To retain great substitute teachers, focus on nurturing the relationship
While substitute teachers are the newest essential worker, the shortage of teaching talent is not new. The pandemic has simply put a spotlight on what many of us in the field of education already knew: there’s a national teacher shortage. This fall, the demand for substitutes has climbed dramatically because of COVID, with some schools asking Kelly Education for double and triple the number of substitutes they request in a typical year.
Because it is so competitive, districts, schools and individual principals have to find ways to persuade substitutes to choose their school. Substitutes are in the driver’s seat when it comes to deciding where and how they want to work. This means schools and districts are often competing for the best substitutes.
Given my role as Southwest Practice Leader with Kelly Education, I hear a lot of substitutes’ stories about their experiences. And I can tell you the secret to attracting and keeping substitutes: it’s all about creating a positive experience. Here’s what I suggest for administrators who are struggling to attract and retain qualified subs.
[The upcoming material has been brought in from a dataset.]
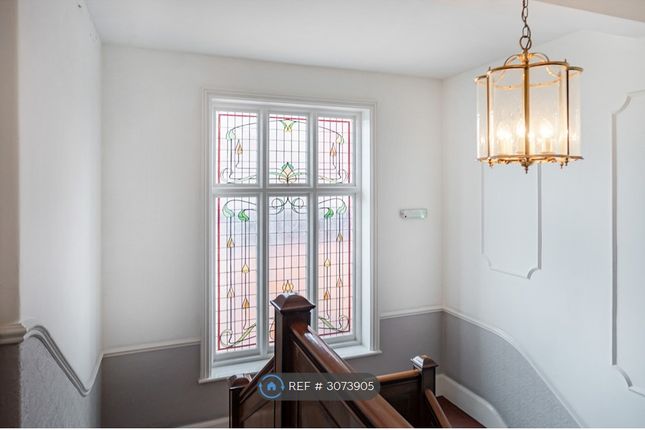Flat, The Drive, Hove photo 3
Create a substitute-friendly culture. When a sub arrives (especially if it’s their first time in a school), make sure they get a warm welcome from the school principal or someone designated to get them set up for the day. This could include an overview of the school, key processes, and class lesson plans. I recommend that someone be assigned to check on a substitute teacher to see how things are going and ensure they have everything needed to be successful. In summary, how you begin can be the start of a positive partnership which could be beneficial for the school, principal, and the substitute teacher. Schools need qualified subs and subs want the opportunity to contribute to their communities.
Set them up for success. Substitutes want to be supported in ways that allow them to teach, not just keep order in the classroom. For that, they need access to all tools and resources like updated lesson plans, training on applicable technology platforms, and they need a resource who can help them with questions or concerns. If at the end of the day they feel like they’ve done a good job and are valued, they’ll be more likely to return.
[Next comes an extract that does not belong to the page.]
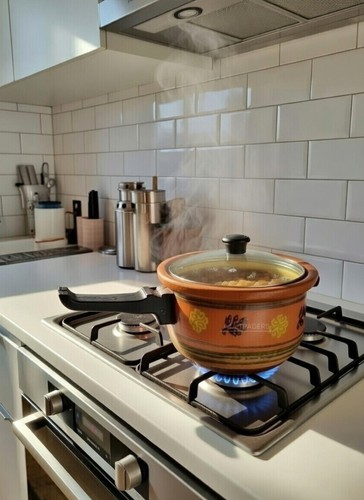 Pressure cooker style clay - pressure,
Foster the relationship. Get to know the individual who is coming to help you. What do they do for fun? What are they passionate about? Substitutes have the same basic needs as everyone else—to feel valued, recognized, and a sense of belonging. If you treat them accordingly, they are more likely to pick up that hard-to-fill assignment.
Provide a safe environment. COVID protocols are important, but safety goes beyond that. It includes making sure that substitutes feel physically safe as they enter and exit the building and the grounds. Just having to navigate an unfamiliar campus can be stressful. Substitutes should feel comfortable in their work environment.
While creating that positive experience is crucial, competitive pay is also very important. Pay rates are typically determined by the district. Therefore, it is also critical that pay rates are competitive.
Many of these recommendations may seem basic and fairly easy to achieve. However, administrators often overlook them. If done consistently, they could make a huge difference.